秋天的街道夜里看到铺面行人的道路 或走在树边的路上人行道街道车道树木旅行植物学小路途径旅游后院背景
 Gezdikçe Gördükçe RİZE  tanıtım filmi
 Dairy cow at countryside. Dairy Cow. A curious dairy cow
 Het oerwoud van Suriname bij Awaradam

## DIRECTIONS FOR THIS TASK
Your task is to transcribe the material exactly.

## RESULT OF THIS TASK
秋天的街道夜里看到铺面行人的道路 或走在树边的路上人行道街道车道树木旅行植物学小路途径旅游后院背景
 Gezdikçe Gördükçe RİZE  tanıtım filmi
 Dairy cow at countryside. Dairy Cow. A curious dairy cow
 Het oerwoud van Suriname bij Awaradam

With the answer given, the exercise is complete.